* Brief: Starting with the line below that holds "Mazda CX-3 SKYACTIV-G" and stopping after the line that holds "Robe de mariée", transcribe the lines exactly, leaving out all pictures.

* Exercise input:
_ _ _ _ _ _ _

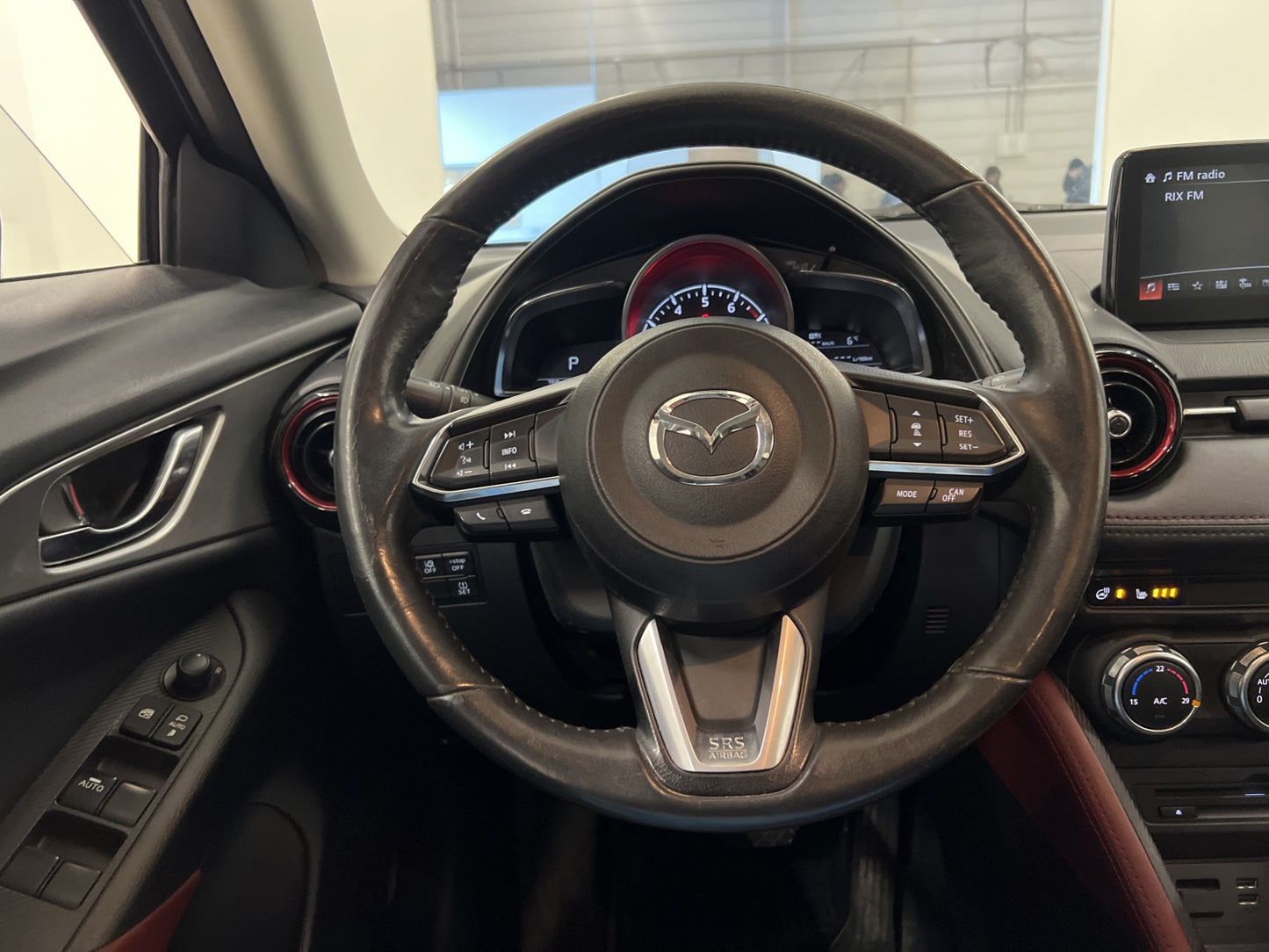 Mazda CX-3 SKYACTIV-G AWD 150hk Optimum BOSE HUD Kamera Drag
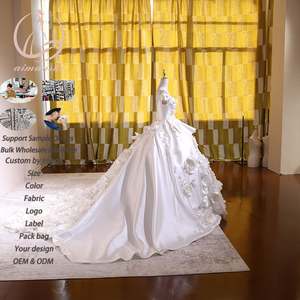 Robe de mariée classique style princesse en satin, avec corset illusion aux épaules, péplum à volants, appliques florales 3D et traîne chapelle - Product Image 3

_ _ _ _ _ _ _

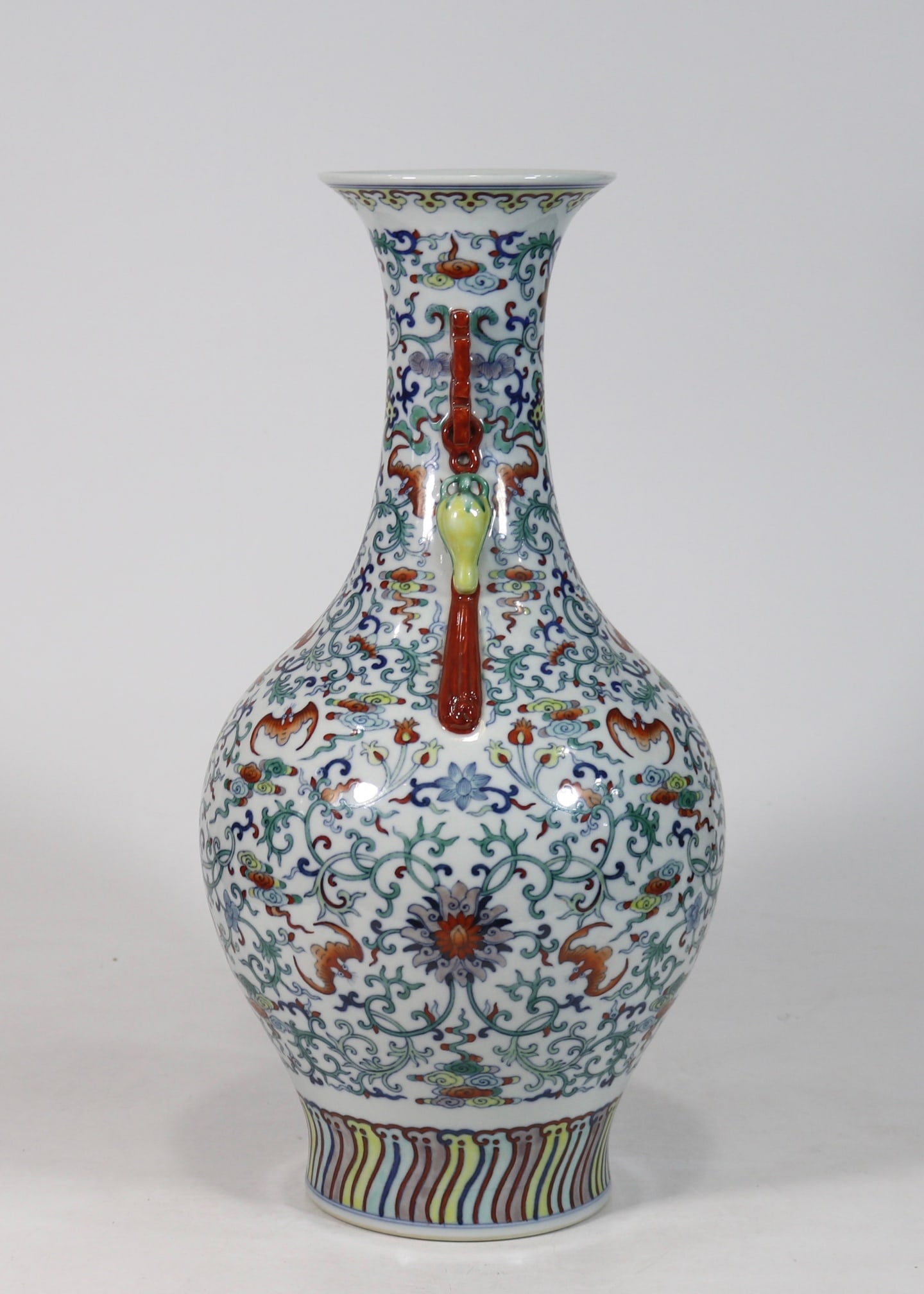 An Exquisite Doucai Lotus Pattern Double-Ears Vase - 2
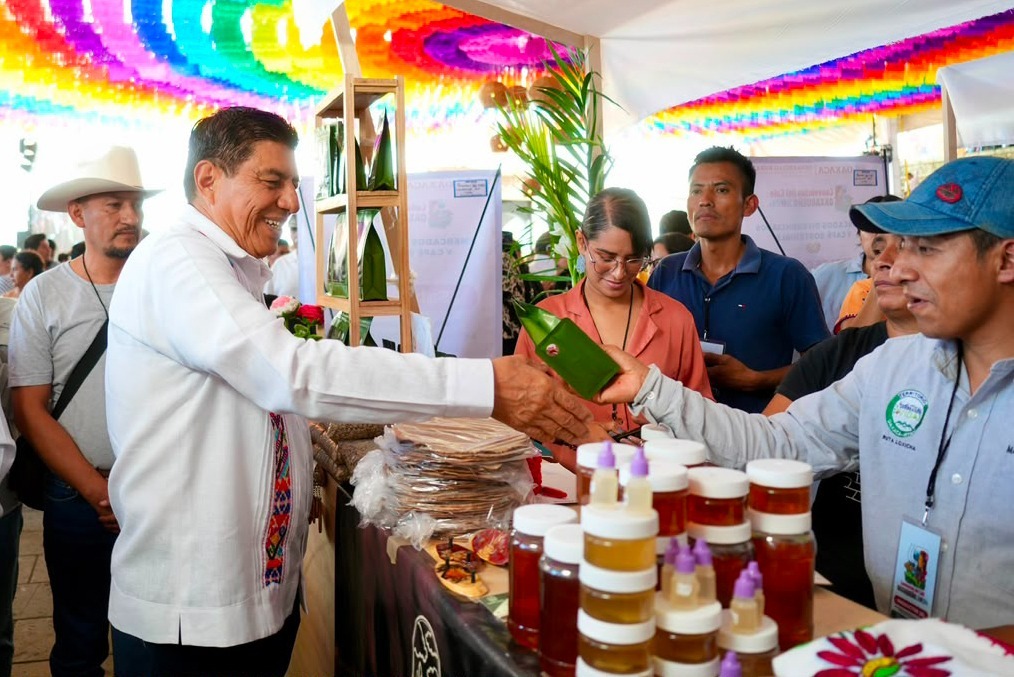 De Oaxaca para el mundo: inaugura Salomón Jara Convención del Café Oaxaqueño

_ _ _ _ _ _ _

* Answer to the problem:
 Mazda CX-3 SKYACTIV-G AWD 150hk Optimum BOSE HUD Kamera Drag
 Robe de mariée classique style princesse en satin, avec corset illusion aux épaules, péplum à volants, appliques florales 3D et traîne chapelle - Product Image 3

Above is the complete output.